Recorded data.
★ ★ ★ ★ ★

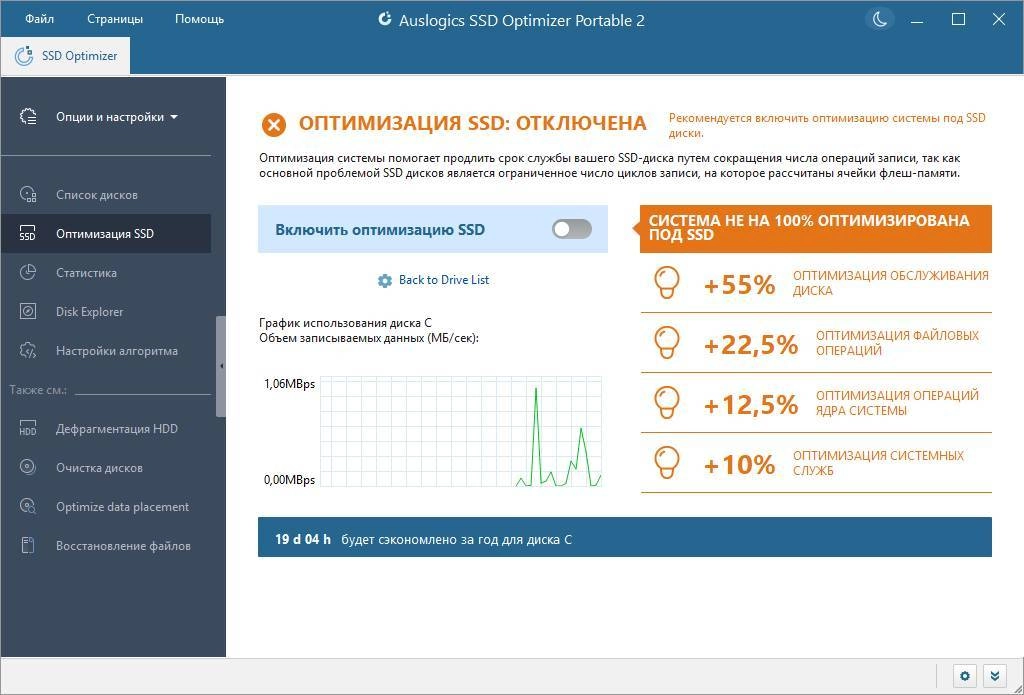 Aktivatsiya Auslogics Ssd Optimizer 2.0.0.1 Repack By Elchupacabra.webp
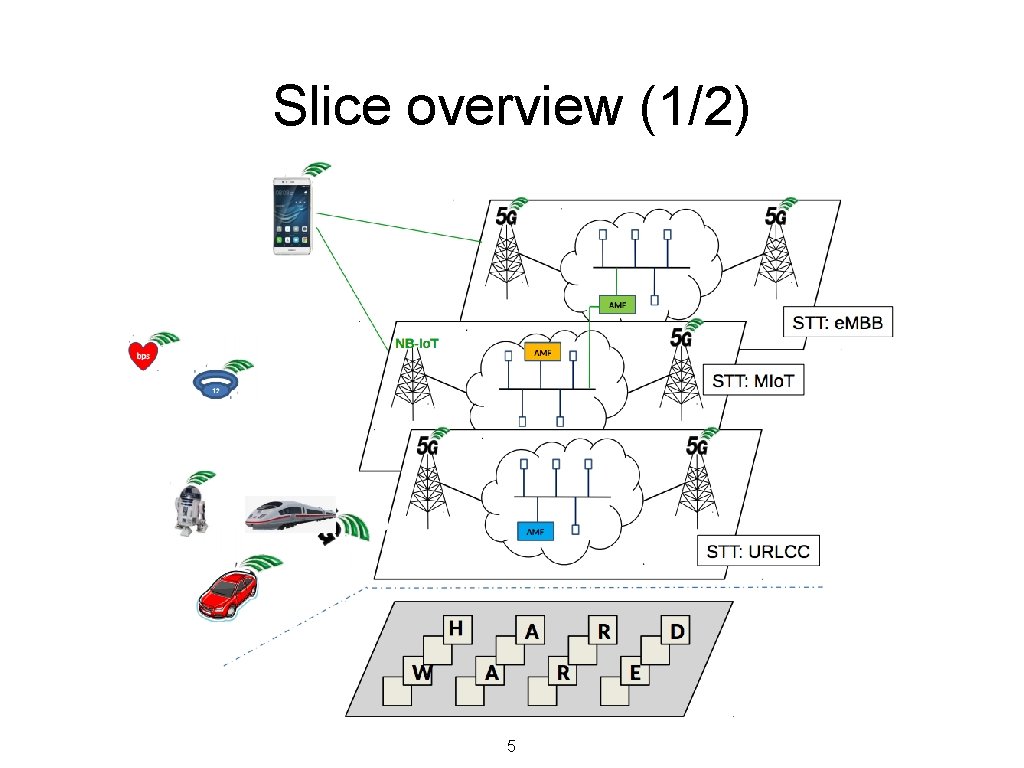 Slice overview (1/2) 5 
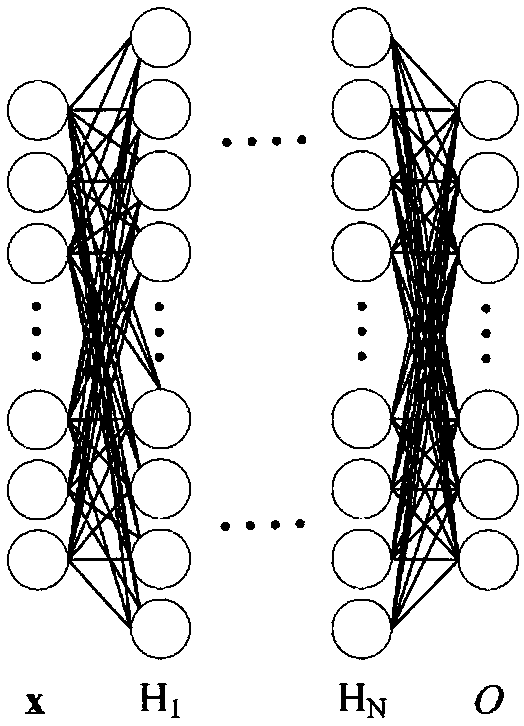 Gait data-based identity recognition method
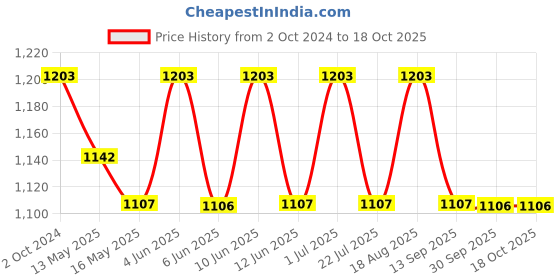 tatacliq.com 999Store Navy & Golden Canvas Wall Painting Panel With Fibre Frame 999store Price History Graph from 2 Oct 2024 to 18 Oct 2025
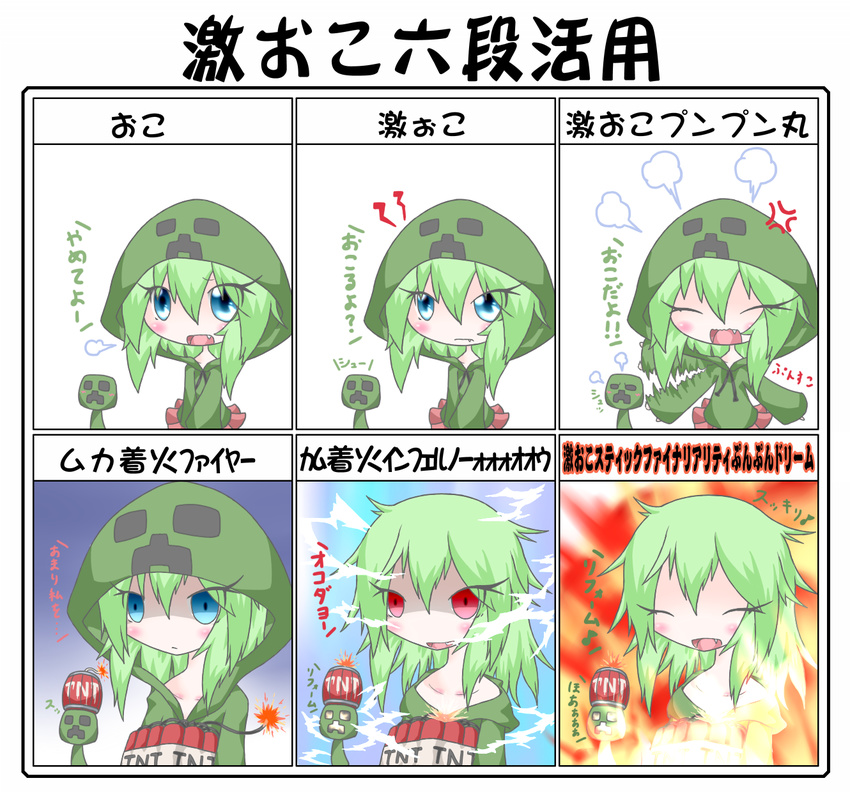 anger_vein blue_eyes chart closed_eyes creeparka creeper fang green_hair highres hood hoodie minecraft open_mouth personification red_eyes red_mist suicide_bomb tnt translated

★ ★ ★ ★ ★

Task instructions. Your task is to return the lines above, from the first one up to and including the line containing "Gait data-based identity recognition method", minus any pictures.

Exercise result.
 Aktivatsiya Auslogics Ssd Optimizer 2.0.0.1 Repack By Elchupacabra.webp
 Slice overview (1/2) 5 
 Gait data-based identity recognition method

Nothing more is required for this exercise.